Saturday, August 25, 2018

Gentlemen Prefer Blondes

Marilyn Monroe and William Travilla
in a costume fitting.

That Marilyn Monroe (from now on she will be MM) was an icon it is something that all of us already know. Her influence was something palpable from the start of her career to the last day of her short life. MM was a balanced mix of innocence and sensual elegance that went through the screen and it made her close to her millions of fans around the world. But to become what she was, she needed some help, and one of the people who contributed most to her rise was William Travilla (1920-1990). We are going to talk about him and his relationship with the beloved blonde (he also preferred blondes).

MM in "The Seven Year Itch" (1955).
It was the year 1952, Mr. Travilla worked like a designer for 20th Century Fox and he was assigned the costumes of the movie "Don't Bother to Knock" in which MM was protagonist. It was the first one of eight movies in which this fabulous tandem would work together (it is even said that there was more than a professional relationship, but that's not our business). Of all the designs that this Californian created with MM in his mind, the best known was the spectacular white dress that our favorite explosive blonde wore in the iconic scene of "The Seven Year Itch" (1955). So the moment when a blow of air from the subway grate blew the well-known dress up and her legs were shown in all their splendor ... that moment is part of the History of Cinema (has anyone been tempted to do the same? Just curious to know). The dress in question was under lock after the death of Miss Monroe in 1962. Decades later after the decease of Travilla too, it was auctioned for $5.6 million of dollars (it is a crazy figure! but I guess this masterpiece is worth it).

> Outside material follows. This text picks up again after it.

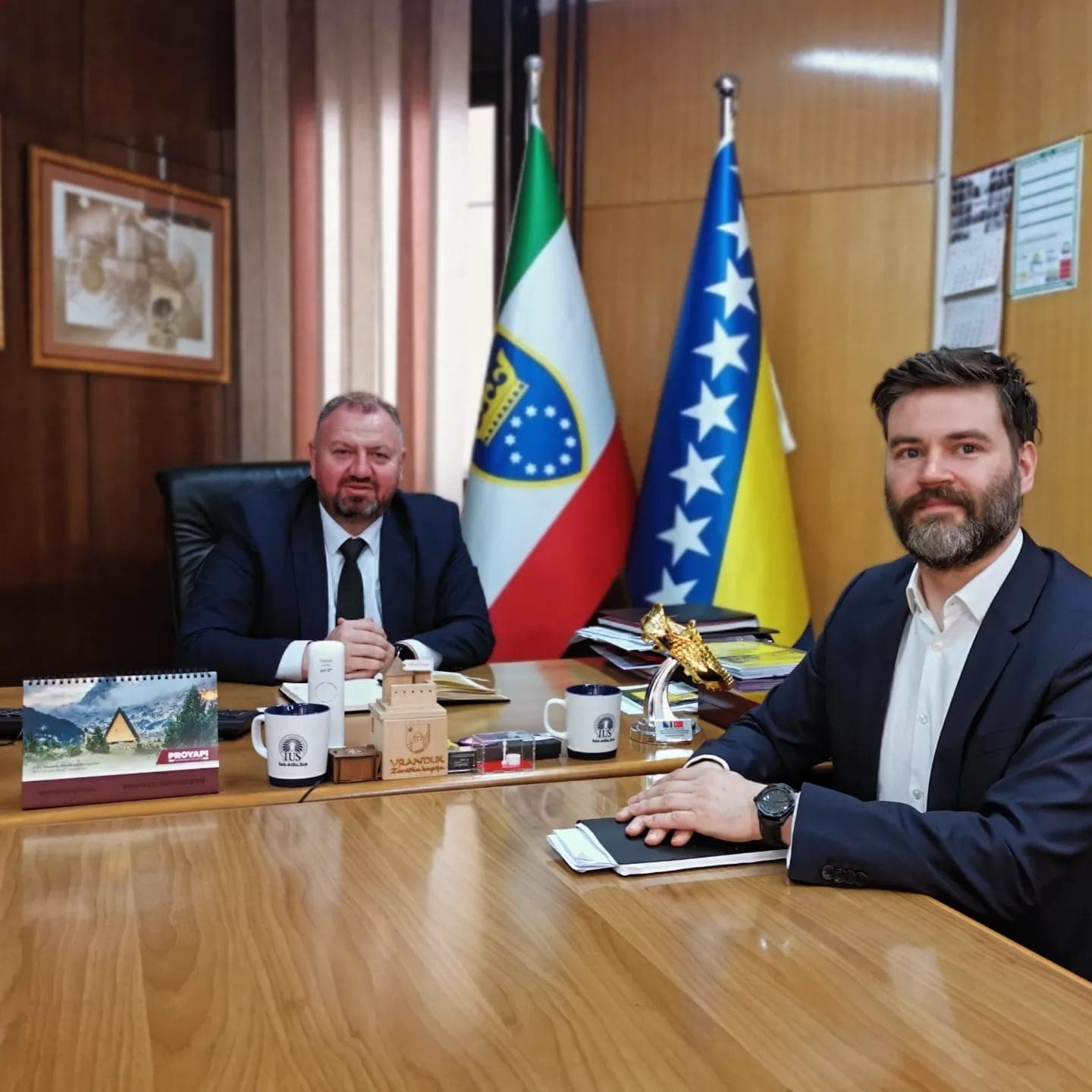 Ministarstvo privrede ZDK učestvuje u projektu Održiva tranzicija BiH (BiH sutra)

Travilla said about his creation: "I wanted Marilyn to look fresh and clean in the New York heat, but also pretty, funny and innocent, almost oblivious to her attractiveness" (and certainly he accomplished it).

Oh! and we can not forget another of his great designs: the wonderful pink satin dress that she wore in "Gentlemen Prefer Blondes" (1953) while singing "Diamonds Are a Girl's Best Friend" and she wiggled her sensuality here and there knowing that the world would be speechless. (and it was) Travilla dressed Marilyn Monroe like nobody else. He knew how to highlight her charms and she knew how to use them. He made Marilyn a fashion icon, and nowadays she is still one of the most admired women, not only because of her wardrobe, but also because of her natural talent, her movies are simply wonderful, and he made them more wonderful.

MM in "Gentlemen prefer blondes" (1953).